▶ **Work instruction**: Print all the data below exactly, without images.
[Dataset entries — start]
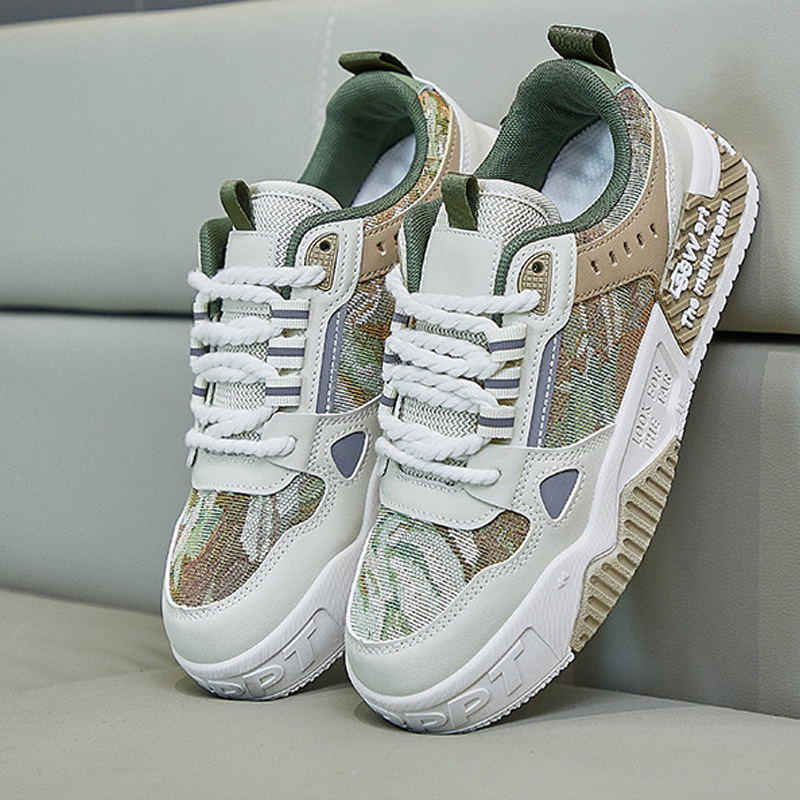 Giày thể thao nữ, giày dạo phố sinh viên phong cách Hàn Quốc 12279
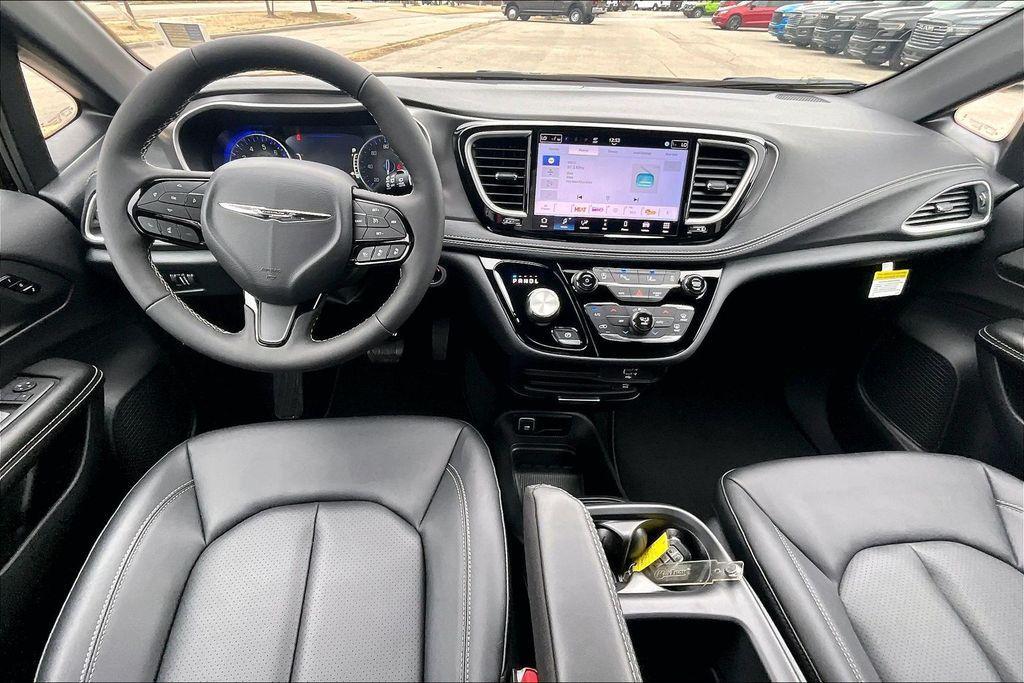 new 2026 Chrysler Pacifica car, priced at $49,711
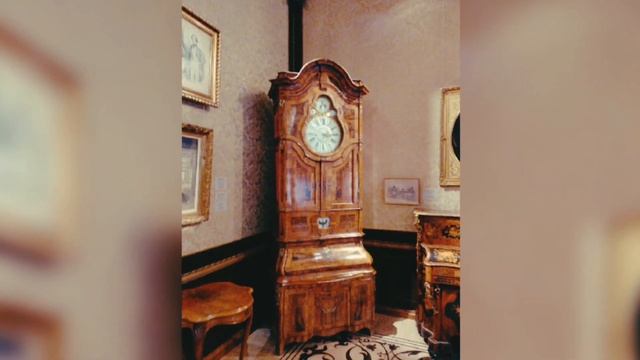 ШЕРЕМЕТЕВСКИЙ ДВОРЕЦ-МУЗЕЙ МУЗЫКИ в Санкт-Петербурге смотреть онлайн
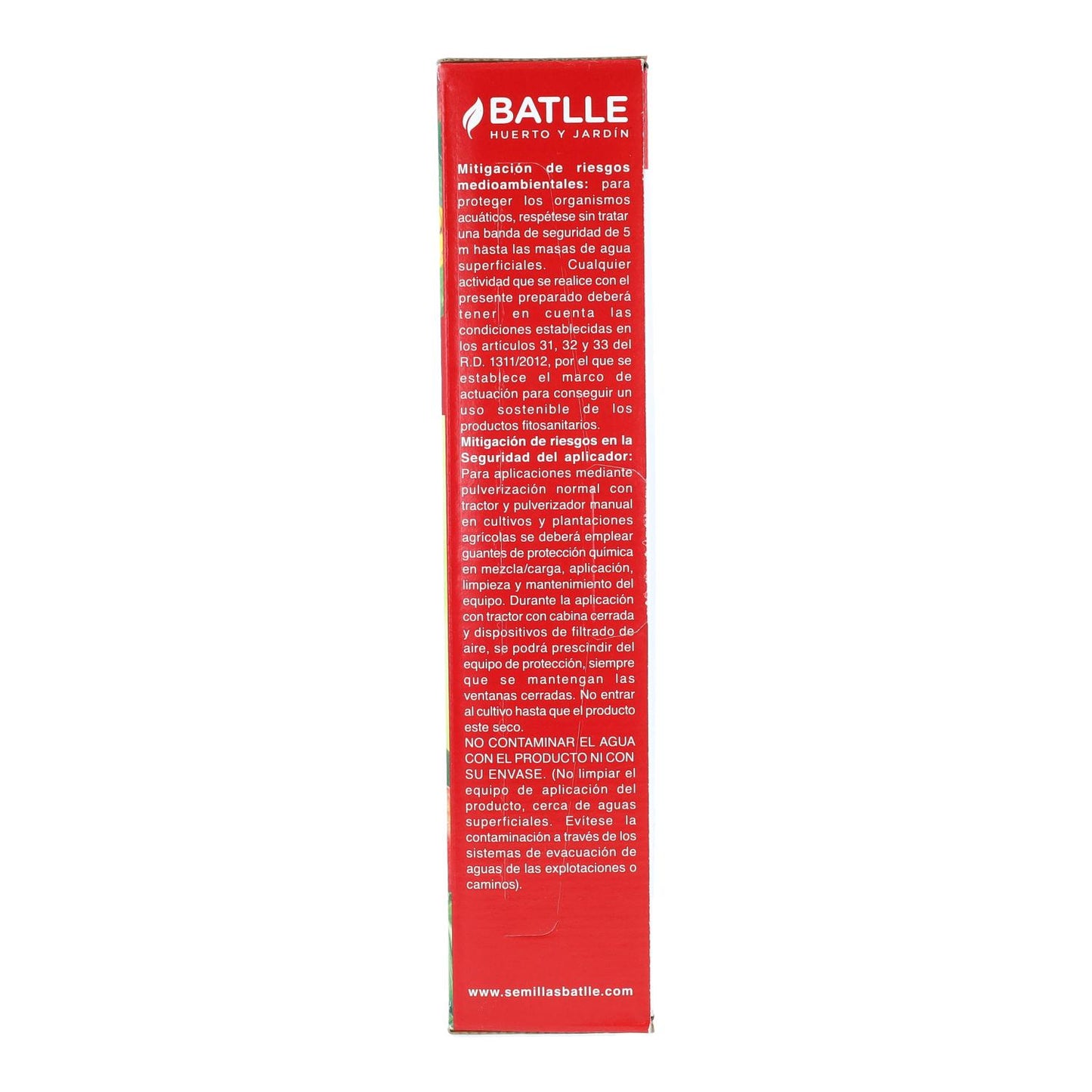 Systemisches Fungizid 3 x 30 g Batlle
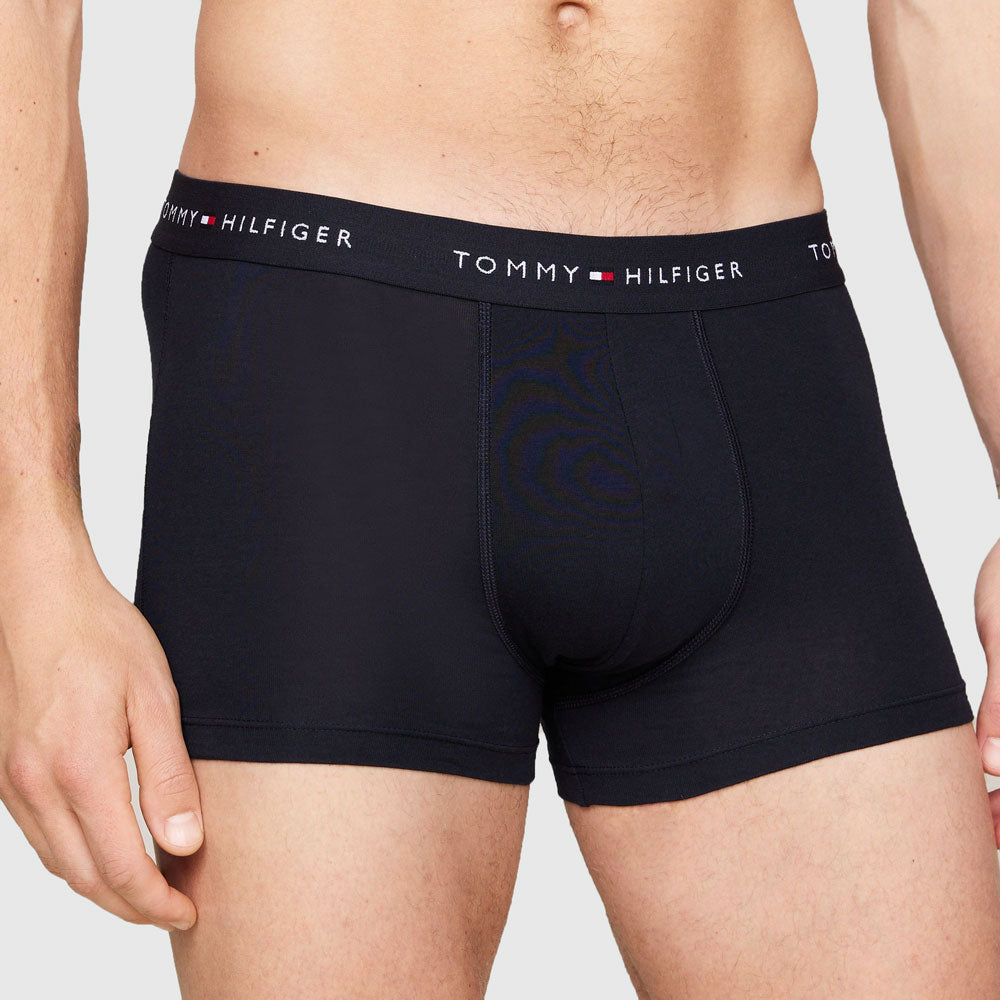 3 Pack Trunks - Navy Multi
[Dataset entries — finish]
▶ **Response area**:
 Giày thể thao nữ, giày dạo phố sinh viên phong cách Hàn Quốc 12279
 new 2026 Chrysler Pacifica car, priced at $49,711
 ШЕРЕМЕТЕВСКИЙ ДВОРЕЦ-МУЗЕЙ МУЗЫКИ в Санкт-Петербурге смотреть онлайн
 Systemisches Fungizid 3 x 30 g Batlle
 3 Pack Trunks - Navy Multi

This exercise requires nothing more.